The only place where I can see myself using blind testing in the future, is if I should come across something that sounds "strange" or unnatural, even though it measures well. Then I might listen blind to see what it's really about.

Jinjuku · Apr 18, 2017

Jakob1863 said:
Now we are back at the beginning. You´ve send a set of cables to a listener and got his correct response.

I've gotten no response because no one will participate

Jakob1863 said:
The McGurk effect isn´t an appropriate example in our context and not all humans experience it and a newer study draw the conclusion that it depends on training too.

You are free to substitute opinion with, you know, actual data.

SoundAndMotion · Apr 18, 2017

By the way, before you try to send me cables, or deride me as a "believer", I should tell you I don't believe in cable burn-in, but I do believe in good scientific methods.

Jinjuku said:
I've gotten no response because no one will participate

And I doubt anyone ever will. Why should they? I doubt it is one of their goals to jump through your hoops.

Note: there are flaws in you plan. I’m working from your description in post #180 in this thread. Is that complete? Before describing the flaws, let me know where the most complete description is.

Jinjuku said:
You are free to substitute opinion with, you know, actual data.

My reason/opinion on why it is an inappropriate example: the McGurk effect is an effect of multisensory integration. The brain wants info about different sensory modalities to agree with each other about what is happening around us. When there is a mismatch, the brain uses tricks to try to create a uniform percept, or it regards the mismatch as occurring from different processes. When our visual system (eyes) tell us a sound source “ought to” sound like “ga” (from mouth shape and motion, etc.), but the ears hear “ba”, the brain does it best to combine and you perceive “da”.

“Blind listening” isn't about the eyes. It’s about knowledge. If you wear a blindfold and I tell you “this is cable A” and ask you which cable it is, it is not a blind test. It does not involve multisensory integration.

You know, actual data on what Jakob mentioned:
https://www.ncbi.nlm.nih.gov/pmc/articles/PMC4958963/
http://journal.frontiersin.org/article/10.3389/fpsyg.2014.00407/full
http://link.springer.com/article/10.3758/s13423-015-0817-4
https://hal.archives-ouvertes.fr/hal-00941306/

Jinjuku · Apr 18, 2017

SoundAndMotion said:
By the way, before you try to send me cables, or deride me as a "believer", I should tell you I don't believe in cable burn-in, but I do believe in good scientific methods.

I'm not going to send cabling to anyone that doesn't want them. Although if I was secure in my beliefs and offered some cash I wouldn't hesitate to make an easy buck.

SoundAndMotion said:
And I doubt anyone ever will. Why should they? I doubt it is one of their goals to jump through your hoops.

I have offered monetary compensation. Never asked anyone to jump through hoops without some carrot.

SoundAndMotion said:
Note: there are flaws in you plan. I’m working from your description in post #180 in this thread. Is that complete?
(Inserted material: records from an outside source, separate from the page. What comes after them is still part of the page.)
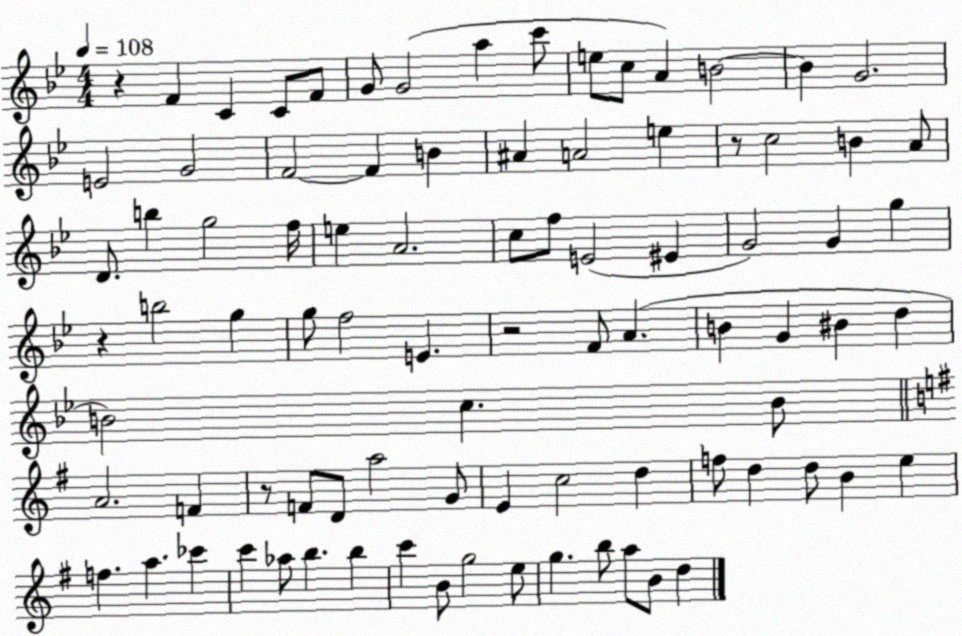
X:1
T:Untitled
M:4/4
L:1/4
K:Bb
z F C C/2 F/2 G/2 G2 a c'/2 e/2 c/2 A B2 B G2 E2 G2 F2 F B ^A A2 e z/2 c2 B A/2 D/2 b g2 f/4 e A2 c/2 f/2 E2 ^E G2 G g z b2 g g/2 f2 E z2 F/2 A B G ^B d B2 c B/2 A2 F z/2 F/2 D/2 a2 G/2 E c2 d f/2 d d/2 B e f a _c' c' _a/2 b b c' B/2 g2 e/2 g b/2 a/2 B/2 d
Before describing the flaws, let me know where the most complete description is.

Most methods have flaws and I'm intellectually honest enough to admit that and welcome constructive critique. Post 180 stands on it's own merits. I would 'burn in' the cabling with music.

SoundAndMotion said:
My reason/opinion on why it is an inappropriate example: the McGurk effect is an effect of multisensory integration.

I didn't say it's a perfect example. It's a quick example that does deliver the point that you can't always trust the ear/eye/brain interaction. It is appropriate in the context that people are using multisensory integration to evaluate an audio only application.

While a cursory read of your papers does show that people can be trained (albeit not to 100%) against the effect, closing your eyes (blinding) certainly pulls into focus what is actually heard with out all the, as you called it, 'hoops' to jump through.

hvbias · Apr 18, 2017

oivavoi said:
Thanks. Yap, I find A/B tests much easier to do.

But I for my personal use I actually don't see much point in doing blind testing. I'm a measurements guy: I buy the gear which objectively confirms most closely to the objective ideal of high fidelity. For me, at the moment, that implies phase and time coherent loudspeakers with a relatively flat frequency response and low distortion (which necessitates active crossovers), and a good polar/power response so that the reverberant field in the room becomes tonally correct. With electronics I go for affordable and well-designed no-nonsense products with low distortion, all using balanced connections. So far, it's just about achieving high fidelity in an objective sense. The only place where subjectivity comes into play for me is concerning speaker directivity, and equalizing the system at the end according to what subjectively sounds good to me.

The only place where I can see myself using blind testing in the future, is if I should come across something that sounds "strange" or unnatural, even though it measures well. Then I might listen blind to see what it's really about.

Very well said and I agree with everything in your post.

I will add that I find blind listening tests helpful where objective design goals are tested on a statistically significant group of people, with hopefully some trained listeners present. Something like Harmon or Philips Golden Ear Training is worth going through rigorously. For instance one area that personally helped me out in narrowing down what to look for in speakers is Toole's research/listening tests on controlled directivity. Using purely the measurement method an objectively well designed speaker with flat on axis response and ignoring polars would lead (in my opinion/for my criteria) to a suboptimal purchasing decision. That is the best example of an additional objective design criteria that comes to my mind, I am sure there are others floating around upstairs

I see you did mention directivity in your post, but to many speaker designers, flat on axis is still considered "objectively good enough".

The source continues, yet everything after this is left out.